Support and General Use > Audio Playback, Database and Playlists
A single track, duplicated by TagCache
Llorean:
My frustration was with the fact that he claimed to be 100% certain of something without providing any details as to what testing he did that actually proved it. He never did something that verifies that it was the same file, as far as he described to me. He also made a claim that there was a list of songs that were affected, which is absolute nonsense, and never provided that list.
So my frustration circles around the fact that instead of accepting the help I was trying to offer, he ignored it, followed his own path, and repeated to me both hearsay (the list of songs that he has not provided) and information that he can't back up (his 100% certainty that they're the same song while the evidence he provides actually suggests that they aren't the same song).
I may have shouted at him yes, but I'm human, and I can lose my temper at times, as can anyone, and it's especially likely to happen when someone comes and asks me for help, I provide them with exactly one thing to do, and instead of doing it they repeat to me information that they've already told me as if somehow I'm too stupid to see in it what they think they see in it, rather than assuming that since I'm one of the persons they came to for help, maybe *I* see something that they don't and may have a better understanding of what's going on.

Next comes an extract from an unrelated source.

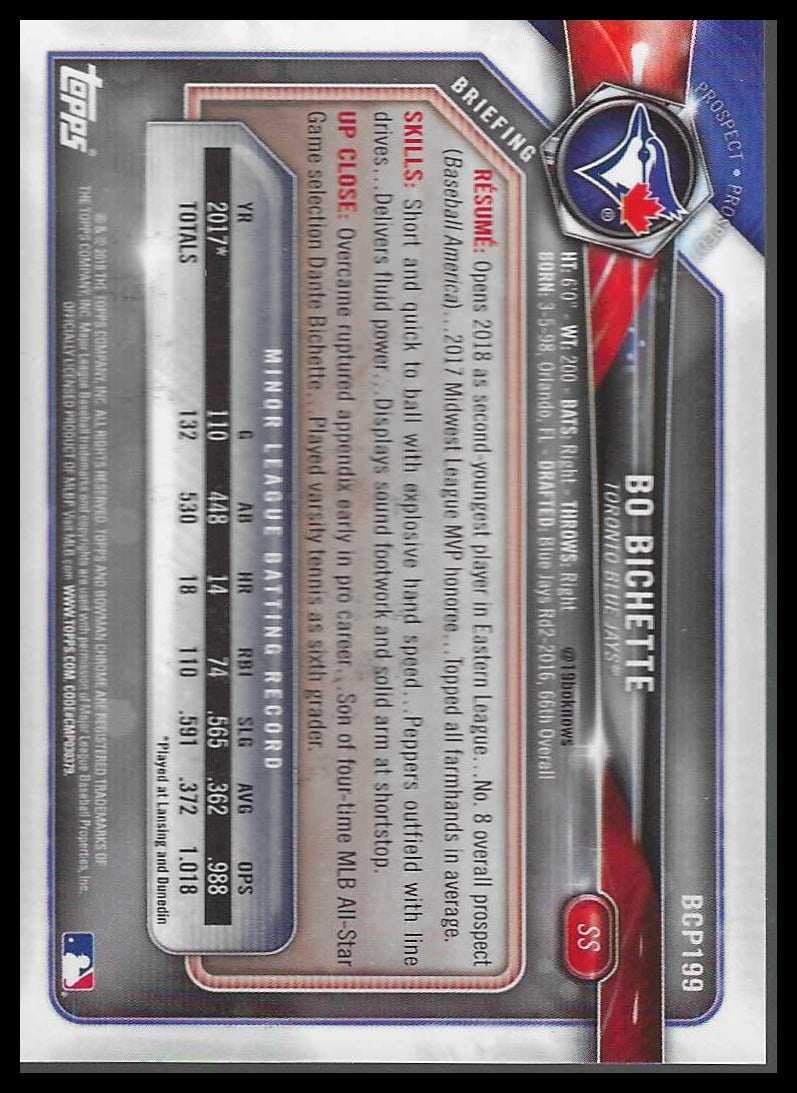 2018 Bowman Chrome Prospects Prpl Shimmer Refractor #BCP199 Bo Bichette #128/655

In all honesty, I'll probably snap at someone about half the times they come to me for help and then ignore my requests, because that is my biggest pet peeve: People who request help from an 'expert' and then ignore the suggestions or requests of the expert because they're so certain they know what's going wrong that they can't be bothered to verify it for him. I know I'm not right all the time. In fact, there's a fairly large amount of time something new or unsolved comes along. But the first step is always determining for certain what's going wrong, and that requires evidence.
soap:
--- Quote from: Chickenhead on September 27, 2006, 02:36:53 PM ---Well yes, I thought I had. To recap:
- loaded the file, rebuilt the database. I have two entries named the same in the Artist->album view for that album.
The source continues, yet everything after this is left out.